## PROBLEM DETAILS
Every record should be written out exactly, with the pictures left out.

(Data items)
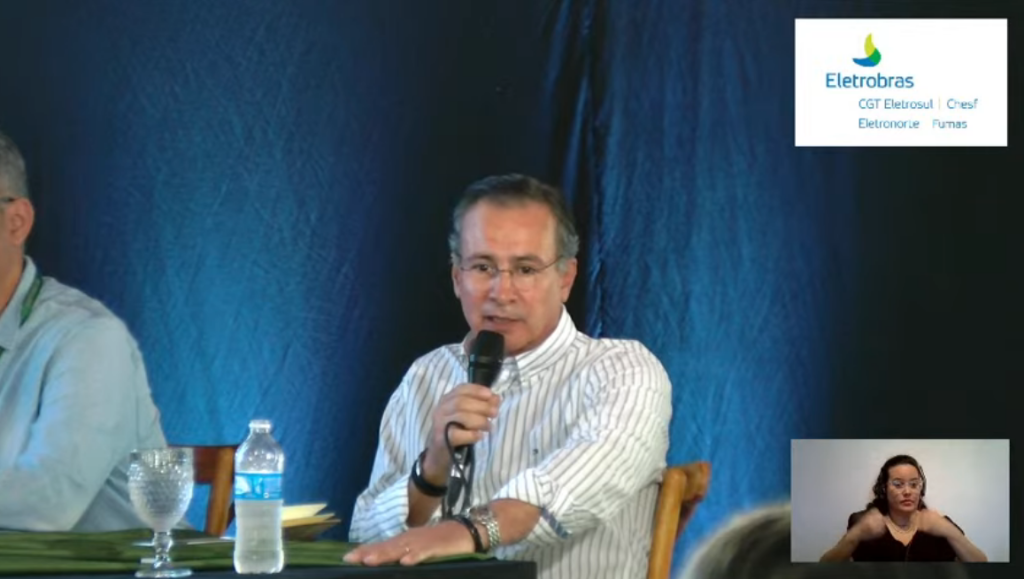 Valmi Lima, superintendente da Sema, durante consulta pblica Foto: Sema-MT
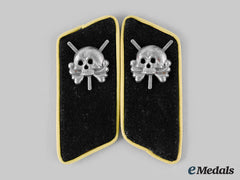 Germany, Heer. A Set Of Armoured Reconnaissance Personnel Collar Tabs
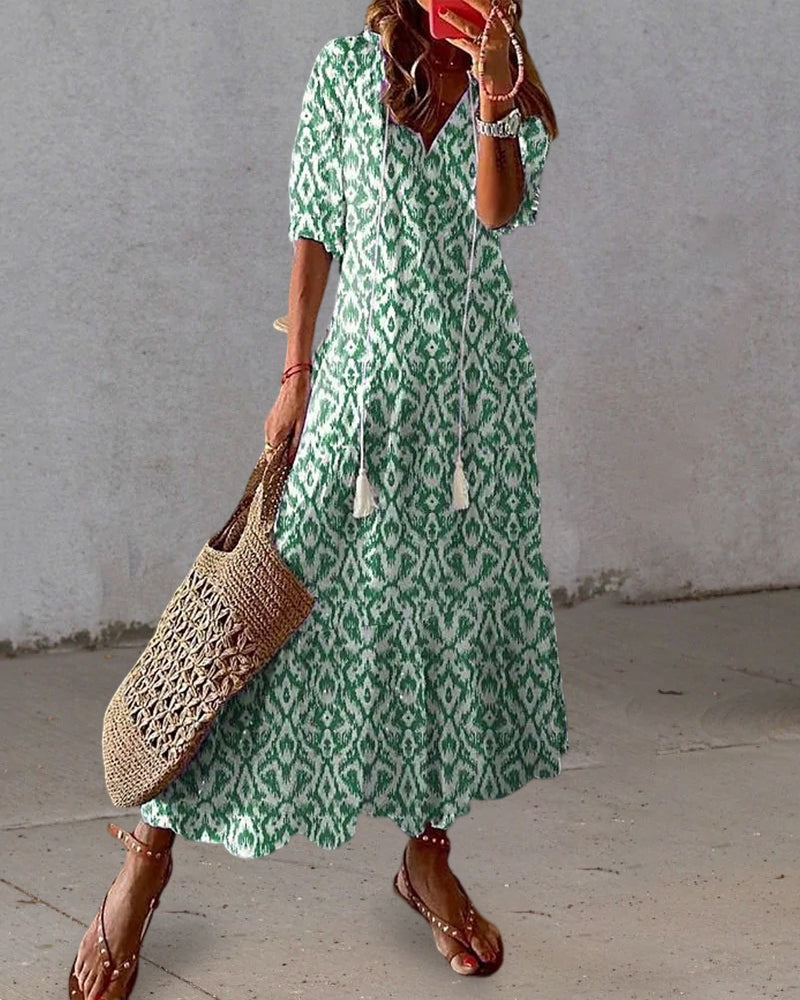 Elisabeth | Boho Zomerjurk - Fashion Lab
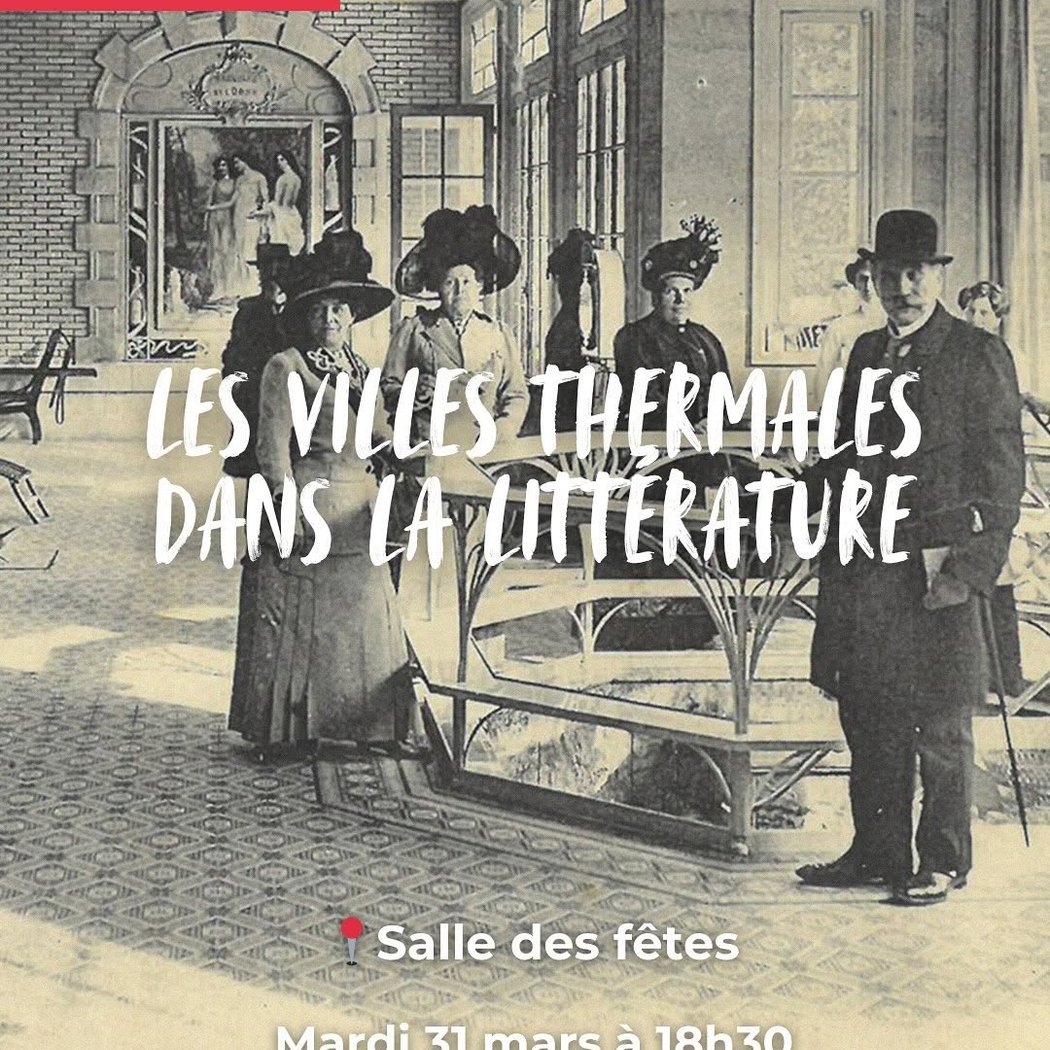 Les villes thermales dans la littérature 1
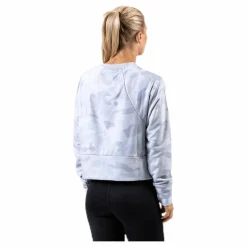 Nike Rebel Dry Crew  Patterned/Grey* Tröjor|Träning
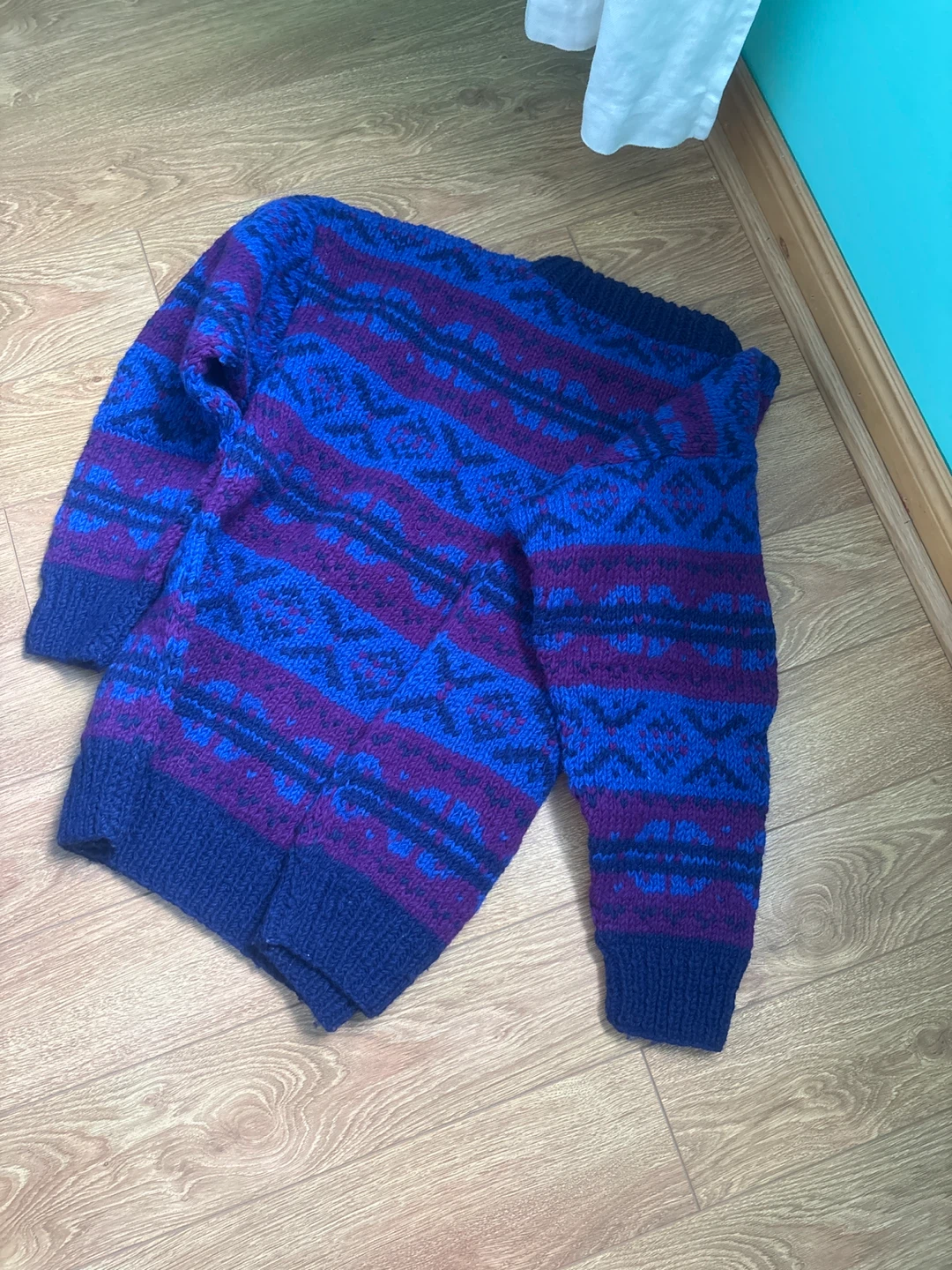 Men's Fair Isle Knit Sweater - photo 2
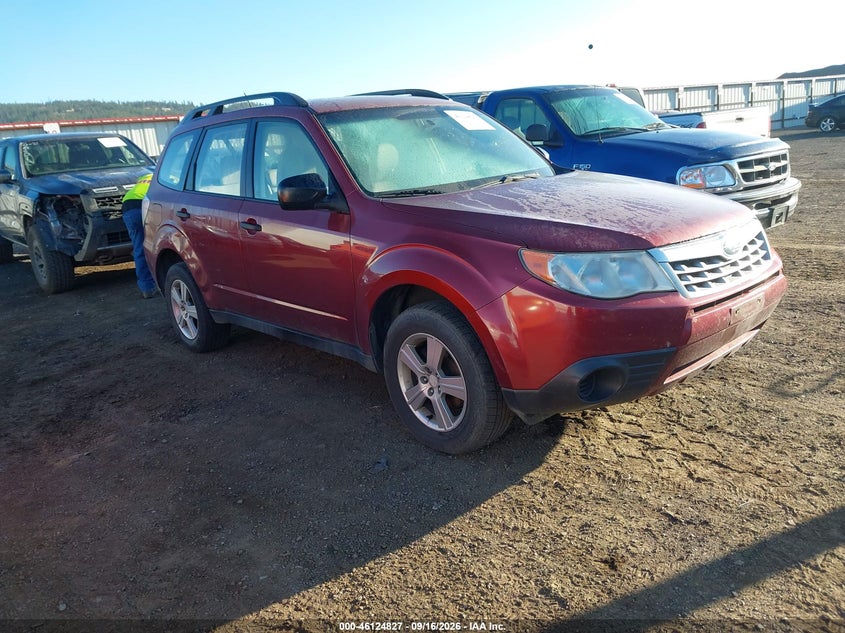 2013 SUBARU FORESTER 2.5X | JF2SHABC0DH443157 | UPCARS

## EXERCISE ANSWER
 Valmi Lima, superintendente da Sema, durante consulta pblica Foto: Sema-MT
 Germany, Heer. A Set Of Armoured Reconnaissance Personnel Collar Tabs
 Elisabeth | Boho Zomerjurk - Fashion Lab
 Les villes thermales dans la littérature 1
 Nike Rebel Dry Crew  Patterned/Grey* Tröjor|Träning
 Men's Fair Isle Knit Sweater - photo 2
 2013 SUBARU FORESTER 2.5X | JF2SHABC0DH443157 | UPCARS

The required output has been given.